Your reputation is created by others’ steady observation of your habitual actions. If we’re following Rule 2, other people are scrolling, looking, and mentally logging what they see. Everyone is a subject matter expert (SME) in something. What is your talent and how are you using it to help others? Helping is essential to our success as a group. And then maybe, maybe it will bleed over into other areas of our lives; and how cool would that be? Imagine how different the world would be if no one cared who got the credit?
Rule 4: Be Quiet.
Intentionally following Rule 3, this is especially important if you are the one receiving the help, which is all of us at some point in time. In a certain aspect, we should all be asking for help all the time in a perpetual attempt to improve. You never want to be the smartest person in the room. And if you are, maybe you should consider inviting smarter people … or go to a different room.4 For some of you, Rule 4 may sting a little bit: Stop running your mouth on social media. Stop speaking out of turn. Stop asking for things from a sense of entitlement. Just be quiet. Don’t talk. Be humble. Even a fool who keeps silent is considered wise.15
While I do believe it may be a little harsh, I also believe it’s very appropriate and applicable. As much as it pains me, it doesn’t matter what I did in my last unit; it doesn’t matter how many deployments I’ve had; it doesn’t matter what my rank was in the Army. I am new to the industry and need to posture myself accordingly, remain quiet and ask questions. In my experience flying civilian airplanes, there are many instances where I find myself sitting next to a 21 year old college student who is my instructor. While I have over a decade of flight experience more than him or her, I am a student that needs to learn. Don’t lose yourself in your ego, or overestimate yourself.15 Staying humble goes a long way.

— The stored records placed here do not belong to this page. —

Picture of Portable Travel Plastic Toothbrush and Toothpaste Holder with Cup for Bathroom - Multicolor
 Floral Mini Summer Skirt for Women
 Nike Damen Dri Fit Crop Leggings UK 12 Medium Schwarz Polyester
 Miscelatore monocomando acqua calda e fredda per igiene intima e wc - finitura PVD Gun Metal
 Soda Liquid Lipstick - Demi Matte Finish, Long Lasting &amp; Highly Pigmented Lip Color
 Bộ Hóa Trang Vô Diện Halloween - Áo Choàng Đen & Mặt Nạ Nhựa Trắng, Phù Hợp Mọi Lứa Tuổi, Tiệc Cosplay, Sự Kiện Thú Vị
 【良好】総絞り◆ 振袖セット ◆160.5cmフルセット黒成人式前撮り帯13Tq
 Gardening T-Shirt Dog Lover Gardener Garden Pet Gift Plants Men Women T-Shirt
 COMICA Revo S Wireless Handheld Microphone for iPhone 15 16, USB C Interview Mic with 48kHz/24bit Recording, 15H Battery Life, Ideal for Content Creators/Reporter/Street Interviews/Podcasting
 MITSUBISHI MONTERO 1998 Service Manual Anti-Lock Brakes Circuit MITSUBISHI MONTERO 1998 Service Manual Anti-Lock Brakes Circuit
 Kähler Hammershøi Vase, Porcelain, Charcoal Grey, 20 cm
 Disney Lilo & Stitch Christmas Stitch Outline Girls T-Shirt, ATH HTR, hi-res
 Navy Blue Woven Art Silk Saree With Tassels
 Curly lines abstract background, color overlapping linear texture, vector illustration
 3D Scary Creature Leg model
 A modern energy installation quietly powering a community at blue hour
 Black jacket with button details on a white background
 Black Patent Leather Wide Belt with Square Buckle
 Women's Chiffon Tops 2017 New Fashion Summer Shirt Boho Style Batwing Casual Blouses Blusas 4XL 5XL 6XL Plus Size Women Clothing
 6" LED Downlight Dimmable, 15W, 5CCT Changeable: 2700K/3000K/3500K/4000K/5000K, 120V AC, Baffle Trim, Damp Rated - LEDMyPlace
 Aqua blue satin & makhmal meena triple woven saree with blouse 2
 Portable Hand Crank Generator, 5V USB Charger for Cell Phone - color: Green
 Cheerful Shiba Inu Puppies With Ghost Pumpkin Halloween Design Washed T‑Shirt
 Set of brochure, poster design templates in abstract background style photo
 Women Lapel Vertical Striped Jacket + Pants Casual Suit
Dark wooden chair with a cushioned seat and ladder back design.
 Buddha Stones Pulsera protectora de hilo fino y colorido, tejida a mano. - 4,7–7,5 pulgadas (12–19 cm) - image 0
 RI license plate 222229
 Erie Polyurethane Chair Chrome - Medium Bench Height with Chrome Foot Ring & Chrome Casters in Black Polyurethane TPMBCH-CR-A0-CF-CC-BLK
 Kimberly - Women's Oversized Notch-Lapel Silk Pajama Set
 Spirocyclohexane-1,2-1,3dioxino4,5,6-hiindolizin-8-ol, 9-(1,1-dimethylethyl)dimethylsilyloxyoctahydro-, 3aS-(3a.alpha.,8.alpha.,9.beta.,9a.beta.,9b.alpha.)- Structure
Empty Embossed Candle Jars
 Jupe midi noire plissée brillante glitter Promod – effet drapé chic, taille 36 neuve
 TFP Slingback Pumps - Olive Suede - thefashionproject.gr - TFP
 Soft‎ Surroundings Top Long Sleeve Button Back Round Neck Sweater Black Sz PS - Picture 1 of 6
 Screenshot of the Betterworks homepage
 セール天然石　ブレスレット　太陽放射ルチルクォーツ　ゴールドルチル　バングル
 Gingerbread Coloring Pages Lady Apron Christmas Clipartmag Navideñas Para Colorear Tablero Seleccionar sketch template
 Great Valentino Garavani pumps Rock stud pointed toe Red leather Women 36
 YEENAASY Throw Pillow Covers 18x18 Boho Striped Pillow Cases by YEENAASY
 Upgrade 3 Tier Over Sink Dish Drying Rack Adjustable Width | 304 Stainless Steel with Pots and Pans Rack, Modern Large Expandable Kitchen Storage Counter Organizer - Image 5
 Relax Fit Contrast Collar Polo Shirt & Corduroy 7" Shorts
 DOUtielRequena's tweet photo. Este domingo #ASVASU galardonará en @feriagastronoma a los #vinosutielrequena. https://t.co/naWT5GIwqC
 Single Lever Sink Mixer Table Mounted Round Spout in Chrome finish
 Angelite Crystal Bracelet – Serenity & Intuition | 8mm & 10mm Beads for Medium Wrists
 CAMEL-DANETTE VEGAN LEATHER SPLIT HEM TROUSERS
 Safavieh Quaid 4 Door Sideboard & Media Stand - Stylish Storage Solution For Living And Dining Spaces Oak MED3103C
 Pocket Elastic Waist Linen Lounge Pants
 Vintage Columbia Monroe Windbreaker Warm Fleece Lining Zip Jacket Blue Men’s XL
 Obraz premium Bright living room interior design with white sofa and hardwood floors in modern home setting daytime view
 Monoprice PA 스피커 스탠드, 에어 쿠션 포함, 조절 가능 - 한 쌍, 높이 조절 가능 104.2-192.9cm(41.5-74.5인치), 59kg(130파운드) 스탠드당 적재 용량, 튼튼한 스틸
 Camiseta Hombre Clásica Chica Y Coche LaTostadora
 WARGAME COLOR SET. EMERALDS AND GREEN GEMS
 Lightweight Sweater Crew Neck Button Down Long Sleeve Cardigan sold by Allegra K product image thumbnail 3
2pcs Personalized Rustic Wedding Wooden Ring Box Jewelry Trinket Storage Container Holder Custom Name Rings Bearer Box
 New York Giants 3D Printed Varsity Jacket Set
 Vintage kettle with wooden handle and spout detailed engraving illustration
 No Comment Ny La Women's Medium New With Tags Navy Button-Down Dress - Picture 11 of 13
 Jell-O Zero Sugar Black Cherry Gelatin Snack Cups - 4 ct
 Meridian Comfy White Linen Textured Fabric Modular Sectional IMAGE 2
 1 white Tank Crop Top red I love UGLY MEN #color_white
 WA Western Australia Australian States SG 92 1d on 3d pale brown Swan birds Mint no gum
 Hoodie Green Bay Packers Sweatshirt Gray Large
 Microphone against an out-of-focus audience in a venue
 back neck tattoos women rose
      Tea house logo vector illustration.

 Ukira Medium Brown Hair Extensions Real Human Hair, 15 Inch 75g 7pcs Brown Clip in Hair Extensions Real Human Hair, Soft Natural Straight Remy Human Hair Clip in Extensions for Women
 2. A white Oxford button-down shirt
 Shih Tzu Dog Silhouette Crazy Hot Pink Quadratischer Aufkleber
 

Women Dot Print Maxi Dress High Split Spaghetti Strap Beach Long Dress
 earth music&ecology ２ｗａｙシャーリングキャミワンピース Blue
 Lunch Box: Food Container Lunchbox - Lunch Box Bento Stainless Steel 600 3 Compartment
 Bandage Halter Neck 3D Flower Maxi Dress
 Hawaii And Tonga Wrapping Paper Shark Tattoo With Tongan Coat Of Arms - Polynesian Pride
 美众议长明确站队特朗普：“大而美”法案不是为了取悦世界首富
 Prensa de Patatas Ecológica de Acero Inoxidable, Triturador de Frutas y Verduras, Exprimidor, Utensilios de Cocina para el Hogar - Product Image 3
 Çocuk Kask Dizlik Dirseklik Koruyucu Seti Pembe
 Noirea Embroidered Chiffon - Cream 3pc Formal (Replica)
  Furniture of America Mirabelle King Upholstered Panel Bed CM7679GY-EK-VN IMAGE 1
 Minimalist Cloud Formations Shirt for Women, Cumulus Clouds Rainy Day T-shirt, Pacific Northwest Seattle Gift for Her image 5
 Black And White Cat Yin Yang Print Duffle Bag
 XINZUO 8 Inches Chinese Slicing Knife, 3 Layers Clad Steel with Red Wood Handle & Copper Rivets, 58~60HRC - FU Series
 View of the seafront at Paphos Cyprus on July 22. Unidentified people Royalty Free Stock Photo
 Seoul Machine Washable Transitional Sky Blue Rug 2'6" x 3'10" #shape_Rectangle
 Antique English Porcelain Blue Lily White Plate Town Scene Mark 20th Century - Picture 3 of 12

If you are in a position where you need to ask for help, DO IT! But be prepared to listen. When asking for help, please keep it professional. Too many times there are posts with numerous spelling errors and unprofessional wording. You are not texting. The aviation industry is a professional organization and your grammar can reflect that in a positive or negative way. Consider the following post: “Anyoen PSA? Need gauge, 600TT, AMEL, CFI, asked before but never no response. DM me ASAP.” Um, no? Whenever you ask for something, I would recommend you think of what you can offer to the relationship. You are literally asking someone to stop what they are doing to help you. Why would someone do this if they didn’t feel the recipient valued, at minimum, their time. When you exchange emails, be succinct. Mark Twain famously wrote, “Forgive me for writing such a long letter - I did not have the time to write a short one.” Don’t do that. Get to your point, don’t clog up the net. When you do get a response, read the whole thing! Don’t speed read then ask questions that were already answered. Be professional.
The last thing I’ll include for this rule is; whether you like it or not, you represent the group. Like the ONE guy in flight school that was from a different service, he or she represented that entire group. When people find out you were former military, or a part of RTAG, they will judge the group based off you. So get out there, Air Force guy in Ranger School, and be the quiet professional on behalf of us all.
Rule 5: Read More.
There is one thing in common with all pilots, doctors, and lawyers: they are perpetual students of their profession. To be a good pilot (and ergo a good pilot candidate), you need to constantly stay in the books to stay current on industry changes, technology, accident findings, systems changes, etc. You never know where you will learn something cool. Did you know the image to the right (located in then Detroit airport) is an example of laminar flow?16 The same thing associated with boundary layer and airflow over an airfoil critical to flight? An airline company can not use you if you are confused.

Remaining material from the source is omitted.